Taken from the recipe first published by the New York Times. Adapted from Jim Lahey, Sullivan Street Bakery
I
mixed everything yesterday at 4pm and let it sit all night. I must've
put it into the oven at about 11am this morning, so it didn't sit the full 24 hours. Somewhere
else I read to let it sit about 12-16 hours, which is what I did. And I didn't do the towels this time. I shaped the dough into a ball and let it spend its last two hours on a lightly-floured cutting
board, and dropped it into the French oven that way. I have a 3.5 quart Le Creuset French oven, and it came out just fine. (I think the recipe calls for a 6
or 8 quart.) So easy and amazing! Bon appetit!

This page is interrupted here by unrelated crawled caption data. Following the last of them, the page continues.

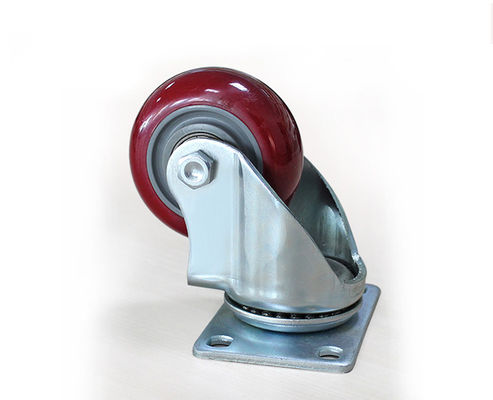 Medium sized double bearing 3-inch high-strength polyurethane silent universal wheel logistics handcart shelf industrial casters 5113-86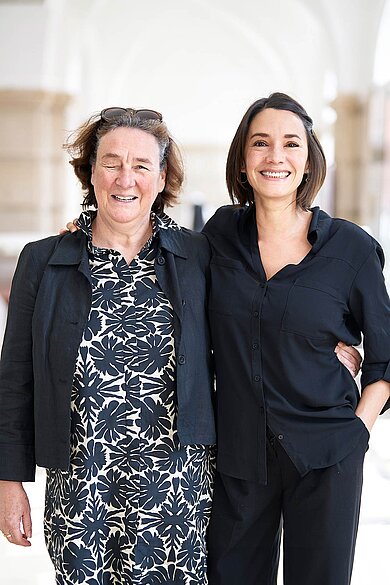 Sabine Nitsche und Dr. Jennifer Chan de Avila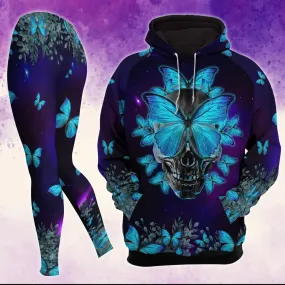 Butterfly Skull Artwork Combo Hoodie and Leggings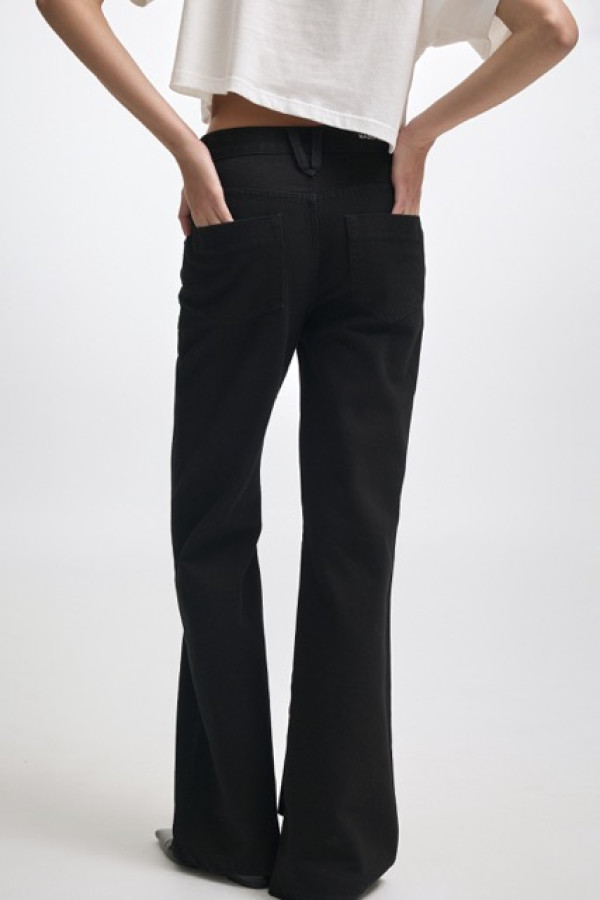 MARTINI STRAIGHT LEG DENIM TROUSERS BLACK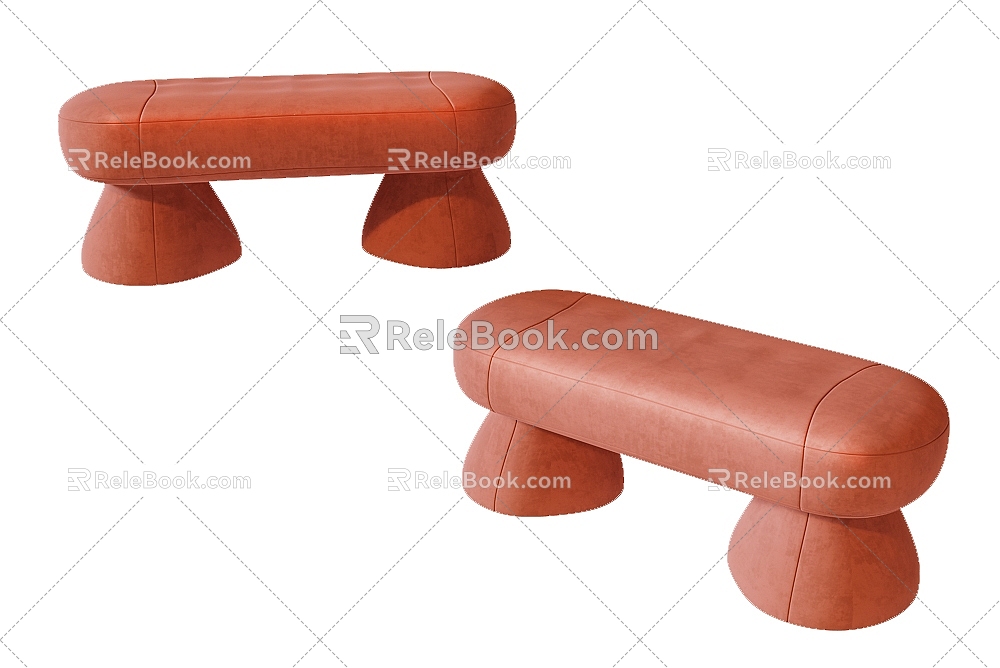 Modern Simple Sofa Stool Low Stool Simple Stool 3d model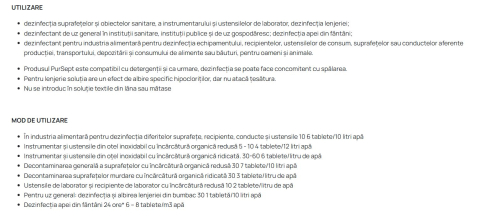 DEZINFECTANT SUPRAFETE, APA FANTANI, PURSEPT 200 CP [1]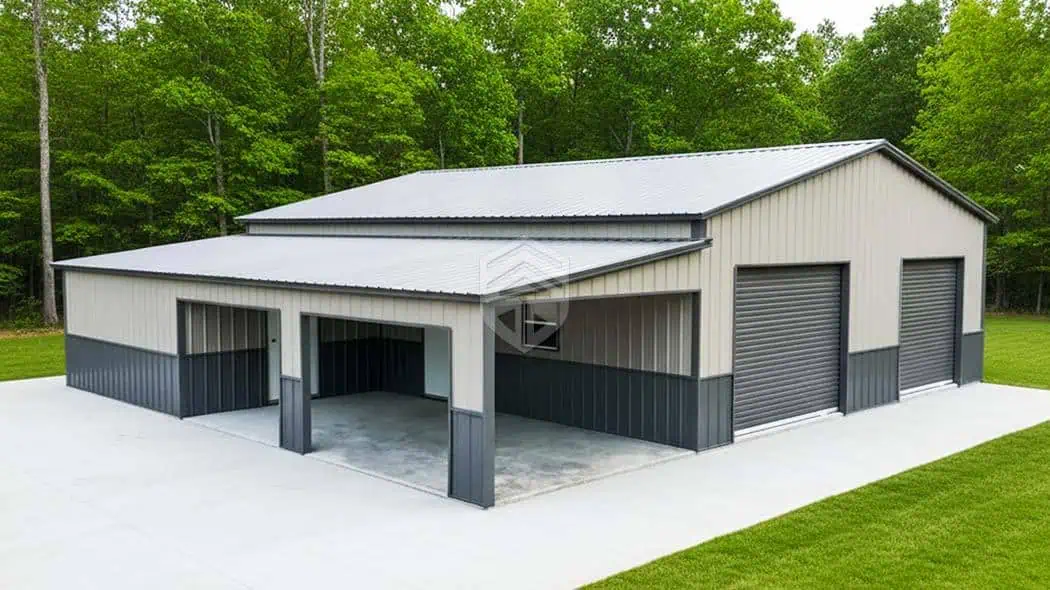 The Business Center 36x52x14 Commercial Metal Building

(I removed the knob on the lid of the French oven and replaced it with a nub of aluminum foil, just to be safe.)
No Knead Bread Recipe
Ingredients
- 3 cups all-purpose or bread flour, more for dusting
- ¼ teaspoon instant yeast
- 1 ¼ teaspoons salt
- Cornmeal or wheat bran as needed
- In a large bowl combine flour, yeast and salt. Add 1 5/8 cups water, and stir until blended; dough will be shaggy and sticky. Cover bowl with plastic wrap. Let dough rest at least 12 hours, preferably about 18, at warm room temperature, about 70 degrees.
- Dough is ready when its surface is dotted with bubbles. Lightly flour a work surface and place dough on it; sprinkle it with a little more flour and fold it over on itself once or twice. Cover loosely with plastic wrap and let rest about 15 minutes.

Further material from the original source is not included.